**What you need to do:**
Since only part of the records is wanted, repeat exactly the lines from the one containing "Venäläinen TEP70 dieselveturi" through the last line, both included.

-------- Material for this exercise --------

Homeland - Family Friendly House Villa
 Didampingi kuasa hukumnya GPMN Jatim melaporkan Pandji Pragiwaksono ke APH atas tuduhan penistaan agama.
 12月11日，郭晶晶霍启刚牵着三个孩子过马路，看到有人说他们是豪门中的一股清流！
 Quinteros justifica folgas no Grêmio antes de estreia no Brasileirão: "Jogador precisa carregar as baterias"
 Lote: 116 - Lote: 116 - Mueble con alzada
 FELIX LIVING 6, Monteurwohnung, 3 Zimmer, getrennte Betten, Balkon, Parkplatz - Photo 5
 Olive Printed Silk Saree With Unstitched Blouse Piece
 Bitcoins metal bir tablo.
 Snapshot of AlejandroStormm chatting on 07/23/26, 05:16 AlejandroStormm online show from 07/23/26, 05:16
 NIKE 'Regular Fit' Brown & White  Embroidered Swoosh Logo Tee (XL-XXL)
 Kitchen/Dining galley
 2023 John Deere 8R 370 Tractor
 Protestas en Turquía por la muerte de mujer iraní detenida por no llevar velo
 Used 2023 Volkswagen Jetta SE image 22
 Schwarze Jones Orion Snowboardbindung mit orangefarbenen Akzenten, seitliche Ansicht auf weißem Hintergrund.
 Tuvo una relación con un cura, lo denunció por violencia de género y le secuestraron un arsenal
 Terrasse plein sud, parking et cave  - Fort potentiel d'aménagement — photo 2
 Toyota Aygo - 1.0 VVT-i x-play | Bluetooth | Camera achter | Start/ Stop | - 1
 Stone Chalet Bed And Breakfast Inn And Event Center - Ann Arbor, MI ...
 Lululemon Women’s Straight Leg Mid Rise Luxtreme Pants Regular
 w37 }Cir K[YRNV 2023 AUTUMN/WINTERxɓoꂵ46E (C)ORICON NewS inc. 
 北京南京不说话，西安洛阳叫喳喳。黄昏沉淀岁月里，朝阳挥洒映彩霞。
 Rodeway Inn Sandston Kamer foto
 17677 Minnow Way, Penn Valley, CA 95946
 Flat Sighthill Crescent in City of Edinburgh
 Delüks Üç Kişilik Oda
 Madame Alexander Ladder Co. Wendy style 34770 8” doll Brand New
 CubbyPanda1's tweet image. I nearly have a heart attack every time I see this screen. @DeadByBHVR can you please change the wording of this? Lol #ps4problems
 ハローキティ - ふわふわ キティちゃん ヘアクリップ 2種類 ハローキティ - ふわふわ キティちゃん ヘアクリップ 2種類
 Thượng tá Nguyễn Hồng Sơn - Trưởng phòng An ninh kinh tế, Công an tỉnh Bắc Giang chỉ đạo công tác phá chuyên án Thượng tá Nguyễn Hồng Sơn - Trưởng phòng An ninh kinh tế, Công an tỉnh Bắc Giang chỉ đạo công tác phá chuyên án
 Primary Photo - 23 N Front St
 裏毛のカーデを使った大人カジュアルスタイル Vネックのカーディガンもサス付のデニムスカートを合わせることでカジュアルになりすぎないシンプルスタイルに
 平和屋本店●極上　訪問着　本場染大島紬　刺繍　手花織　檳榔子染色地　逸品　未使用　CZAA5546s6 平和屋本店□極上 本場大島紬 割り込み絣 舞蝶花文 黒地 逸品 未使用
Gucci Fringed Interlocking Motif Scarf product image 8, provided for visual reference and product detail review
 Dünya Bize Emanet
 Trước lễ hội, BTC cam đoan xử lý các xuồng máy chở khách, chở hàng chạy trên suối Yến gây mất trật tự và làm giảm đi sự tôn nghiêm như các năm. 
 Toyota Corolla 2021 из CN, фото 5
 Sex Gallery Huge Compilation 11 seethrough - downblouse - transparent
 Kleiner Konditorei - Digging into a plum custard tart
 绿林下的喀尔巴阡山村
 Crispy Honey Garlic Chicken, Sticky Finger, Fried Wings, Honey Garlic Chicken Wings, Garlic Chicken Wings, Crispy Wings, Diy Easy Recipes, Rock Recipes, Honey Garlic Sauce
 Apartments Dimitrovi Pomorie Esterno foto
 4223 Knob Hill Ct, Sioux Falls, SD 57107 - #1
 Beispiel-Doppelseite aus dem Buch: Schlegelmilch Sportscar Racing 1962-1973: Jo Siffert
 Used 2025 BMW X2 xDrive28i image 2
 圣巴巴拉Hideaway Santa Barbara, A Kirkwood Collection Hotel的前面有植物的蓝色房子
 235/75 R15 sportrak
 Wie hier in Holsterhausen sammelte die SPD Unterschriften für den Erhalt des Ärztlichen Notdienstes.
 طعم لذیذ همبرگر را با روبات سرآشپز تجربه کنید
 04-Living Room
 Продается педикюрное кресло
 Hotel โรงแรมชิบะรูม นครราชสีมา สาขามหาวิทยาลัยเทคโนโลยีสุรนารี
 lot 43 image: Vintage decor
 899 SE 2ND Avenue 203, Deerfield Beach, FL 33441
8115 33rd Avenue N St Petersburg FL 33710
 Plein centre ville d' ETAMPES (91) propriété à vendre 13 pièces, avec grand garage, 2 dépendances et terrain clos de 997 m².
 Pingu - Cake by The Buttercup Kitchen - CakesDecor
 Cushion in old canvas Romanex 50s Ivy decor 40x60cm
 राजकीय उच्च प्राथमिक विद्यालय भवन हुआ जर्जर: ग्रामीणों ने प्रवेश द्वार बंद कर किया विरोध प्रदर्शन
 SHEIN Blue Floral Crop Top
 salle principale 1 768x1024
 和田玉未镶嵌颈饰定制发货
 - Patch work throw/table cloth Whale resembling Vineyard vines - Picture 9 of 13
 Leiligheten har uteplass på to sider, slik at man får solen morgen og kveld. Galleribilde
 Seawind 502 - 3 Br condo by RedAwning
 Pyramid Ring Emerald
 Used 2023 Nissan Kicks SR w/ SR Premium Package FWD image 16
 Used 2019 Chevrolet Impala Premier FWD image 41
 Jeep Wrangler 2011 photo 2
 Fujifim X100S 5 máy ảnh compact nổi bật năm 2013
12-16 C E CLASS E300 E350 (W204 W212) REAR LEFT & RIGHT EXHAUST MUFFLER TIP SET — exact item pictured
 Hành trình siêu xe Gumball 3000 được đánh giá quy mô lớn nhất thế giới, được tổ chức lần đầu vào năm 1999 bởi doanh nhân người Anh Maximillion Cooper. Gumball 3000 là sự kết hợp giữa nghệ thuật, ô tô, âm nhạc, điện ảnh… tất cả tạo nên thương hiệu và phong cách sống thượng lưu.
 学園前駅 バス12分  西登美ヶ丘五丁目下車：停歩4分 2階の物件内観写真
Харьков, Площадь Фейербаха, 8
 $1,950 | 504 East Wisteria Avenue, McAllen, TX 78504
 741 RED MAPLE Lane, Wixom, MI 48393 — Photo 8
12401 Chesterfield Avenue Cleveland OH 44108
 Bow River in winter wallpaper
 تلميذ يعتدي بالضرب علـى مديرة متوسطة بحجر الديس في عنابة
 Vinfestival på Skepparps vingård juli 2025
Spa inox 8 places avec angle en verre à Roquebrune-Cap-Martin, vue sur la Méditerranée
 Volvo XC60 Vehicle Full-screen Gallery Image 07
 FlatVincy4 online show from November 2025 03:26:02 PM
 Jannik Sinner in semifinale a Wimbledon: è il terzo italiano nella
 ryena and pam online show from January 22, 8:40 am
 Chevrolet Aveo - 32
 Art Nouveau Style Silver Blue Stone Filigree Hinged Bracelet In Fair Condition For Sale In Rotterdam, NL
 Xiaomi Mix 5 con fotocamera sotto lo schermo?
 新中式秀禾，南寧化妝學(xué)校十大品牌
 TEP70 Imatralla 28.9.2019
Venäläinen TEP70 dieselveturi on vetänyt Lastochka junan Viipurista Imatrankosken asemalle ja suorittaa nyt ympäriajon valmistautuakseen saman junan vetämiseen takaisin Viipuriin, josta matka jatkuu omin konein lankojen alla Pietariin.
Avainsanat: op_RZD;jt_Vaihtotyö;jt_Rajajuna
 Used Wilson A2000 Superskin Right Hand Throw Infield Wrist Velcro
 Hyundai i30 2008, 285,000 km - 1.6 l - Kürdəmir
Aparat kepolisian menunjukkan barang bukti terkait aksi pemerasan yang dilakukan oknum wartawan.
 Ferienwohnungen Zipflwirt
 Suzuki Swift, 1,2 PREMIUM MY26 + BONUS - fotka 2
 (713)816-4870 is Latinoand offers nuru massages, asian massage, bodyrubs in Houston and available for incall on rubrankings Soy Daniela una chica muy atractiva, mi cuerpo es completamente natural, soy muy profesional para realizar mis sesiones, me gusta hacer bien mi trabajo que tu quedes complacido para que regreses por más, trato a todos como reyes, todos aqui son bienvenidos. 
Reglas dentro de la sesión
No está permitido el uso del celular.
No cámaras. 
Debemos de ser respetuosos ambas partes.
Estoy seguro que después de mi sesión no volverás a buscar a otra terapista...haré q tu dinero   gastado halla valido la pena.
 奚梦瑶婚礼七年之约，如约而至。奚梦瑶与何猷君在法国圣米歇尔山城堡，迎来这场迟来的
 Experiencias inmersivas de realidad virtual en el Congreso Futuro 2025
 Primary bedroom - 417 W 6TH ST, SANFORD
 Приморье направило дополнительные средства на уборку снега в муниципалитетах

--------

**The answer:**
Venäläinen TEP70 dieselveturi on vetänyt Lastochka junan Viipurista Imatrankosken asemalle ja suorittaa nyt ympäriajon valmistautuakseen saman junan vetämiseen takaisin Viipuriin, josta matka jatkuu omin konein lankojen alla Pietariin.
Avainsanat: op_RZD;jt_Vaihtotyö;jt_Rajajuna
 Used Wilson A2000 Superskin Right Hand Throw Infield Wrist Velcro
 Hyundai i30 2008, 285,000 km - 1.6 l - Kürdəmir
Aparat kepolisian menunjukkan barang bukti terkait aksi pemerasan yang dilakukan oknum wartawan.
 Ferienwohnungen Zipflwirt
 Suzuki Swift, 1,2 PREMIUM MY26 + BONUS - fotka 2
 (713)816-4870 is Latinoand offers nuru massages, asian massage, bodyrubs in Houston and available for incall on rubrankings Soy Daniela una chica muy atractiva, mi cuerpo es completamente natural, soy muy profesional para realizar mis sesiones, me gusta hacer bien mi trabajo que tu quedes complacido para que regreses por más, trato a todos como reyes, todos aqui son bienvenidos. 
Reglas dentro de la sesión
No está permitido el uso del celular.
No cámaras. 
Debemos de ser respetuosos ambas partes.
Estoy seguro que después de mi sesión no volverás a buscar a otra terapista...haré q tu dinero   gastado halla valido la pena.
 奚梦瑶婚礼七年之约，如约而至。奚梦瑶与何猷君在法国圣米歇尔山城堡，迎来这场迟来的
 Experiencias inmersivas de realidad virtual en el Congreso Futuro 2025
 Primary bedroom - 417 W 6TH ST, SANFORD
 Приморье направило дополнительные средства на уборку снега в муниципалитетах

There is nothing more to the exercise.